The toolset of a complete video codec is usually extremely wide, both in terms of the set of supported input/output frame formats, the method used to encode/decode those, etc. As such, usually video codec standards define multiple profiles that mandate certain capabilities, targeting specific classes of applications. In addition, video codec standards usually also define a set of levels that define corresponding decoder performance requirements (e.g. sample rate or bit rate). Video decoder implementations need to support the specific profile a compressed video was encoded with in order to be able to decode it, and need to support a specific level to be able to decode the video in real-time.
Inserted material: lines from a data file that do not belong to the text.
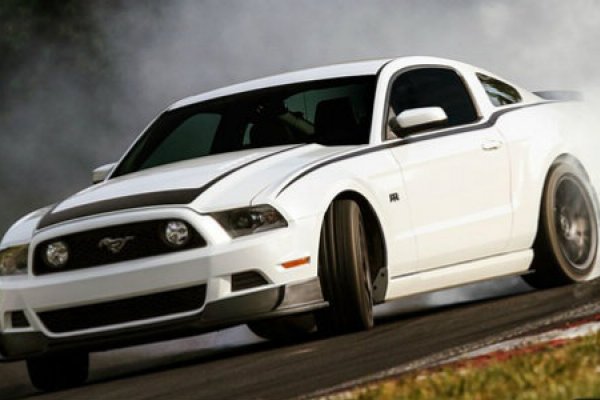 Ford lança Mustang RTR 2013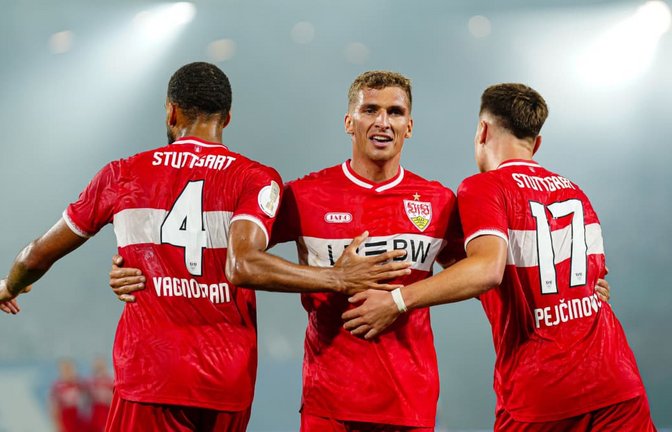 Beim VfB Stuttgart läuft es bereits. Josha Vagnoman, Grischa Prömel und Dzenan Pejcinovic freuen sich über den 4:0-Sieg in Rostock.<span class='image-autor'>Eibner-Pressefoto/Marcel von Fehrn</span>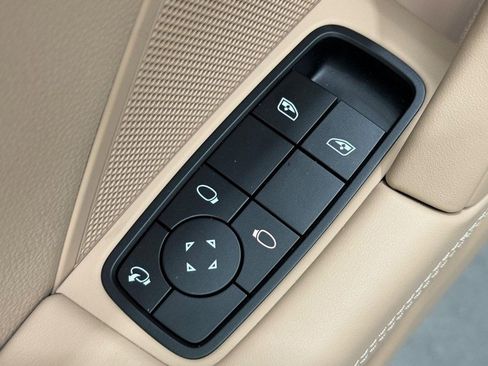 Certified 2024 Porsche 911 Carrera 4S image 25
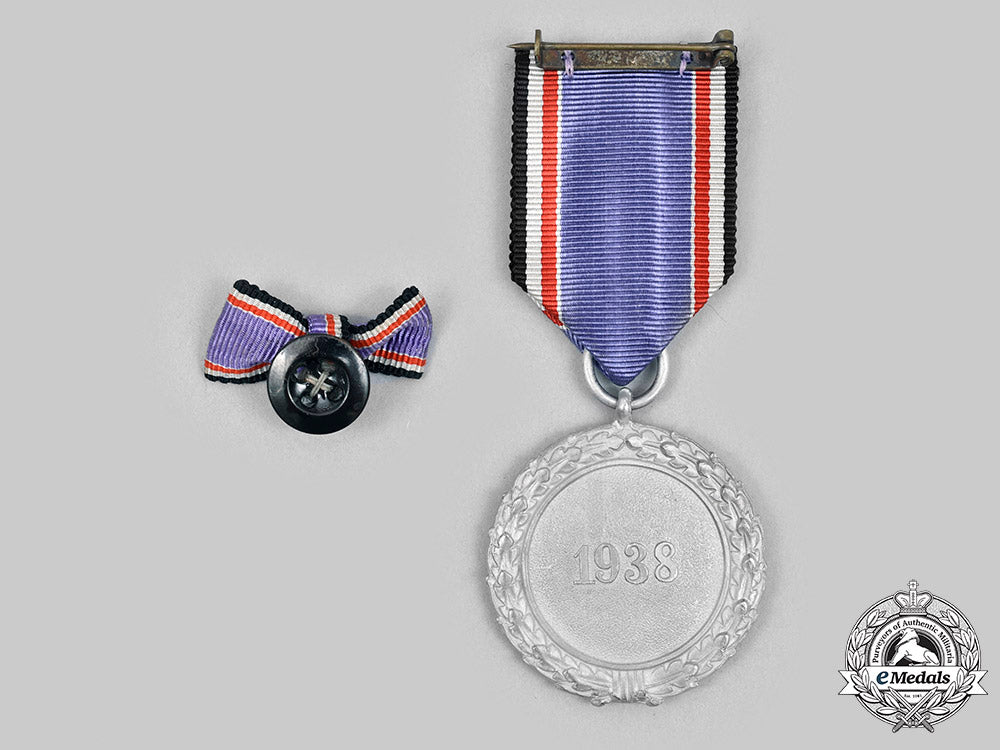 germany,_third_reich._an_air_protection_honour_medal,_ii_class_with_case_c20143_mnc5125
The encoder side of things is less constrained and uniform. While the specific codec, profile, and level limit the set of compression and encoding schemes available, individual encoder implementations, let those be software or hardware encoders, may use different techniques and algorithms to produce a conforming bitstream. In particular, fitting within a particular bit rate budget either contrained by the target codec profile level or by the storage/transmission limits is typically controlled using vendor or implementation specific configuration commands and parameters. These mechanisms are collectively referred to as rate control and have a direct effect on the achieved compression rate, visual quality, and performance on a given encoder implementation.
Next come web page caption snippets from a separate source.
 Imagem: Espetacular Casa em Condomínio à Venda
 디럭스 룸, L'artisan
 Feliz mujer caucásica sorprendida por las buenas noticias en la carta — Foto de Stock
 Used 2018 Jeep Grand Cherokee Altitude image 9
Both the encoding and decoding process employs a special resource pool called the decoded picture buffer (DPB). This pool stores the reference pictures (usually frames) used during the encoding and decoding of P-frames and B-frames. As discussed earlier, depending on the codec and implementation, individual P-frames and B-frames may refer to more than one reference frame, and they may each use different frames as their reference, hence in the general case the DPB needs to be able to hold more than just a single reference picture. The codecs (and individual profiles within it) generally define an upper bound on the DPB capacity.
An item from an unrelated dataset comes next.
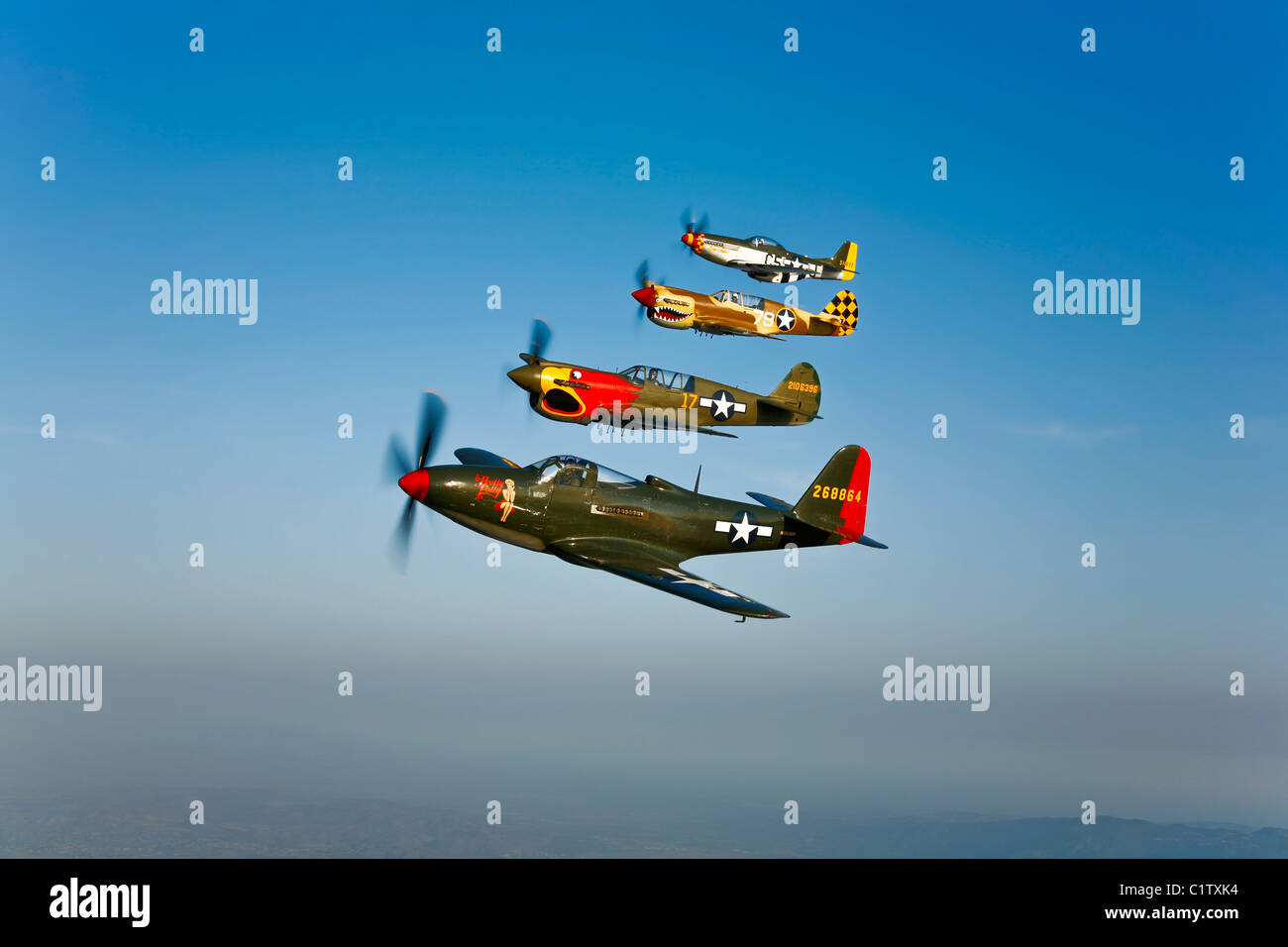 Uns Curtiss P 40 Kittyhawk Kampfflugzeuge Stockfotos und -bilder Kaufen ...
A frame/picture is added to the DPB if it planned to be used as a reference frame of a subsequently encoded or decoded frame, and is later removed from the DPB when no further frames need to refer to it anymore. Thus the DPB is a container for transient image data needed during the encoding and decoding process.

Encoder and decoder operation with respect to DPB management.

Adding reference frames to the DPB is trivial during decoding: when decoding a frame that is marked as a reference frame the decoder simply adds the output of the frame decoding to the DPB, either by reference or by copy. During encoding, however, we cannot simply use the original incoming image frame data as the reference frame, at least not in case of lossy compression schemes (which is usually the case with video codecs). If we would do so, then we would construct the delta-frame based on the original image frame which is not known to the decoder, thus decompressing the delta-frame would have different (incorrect) results.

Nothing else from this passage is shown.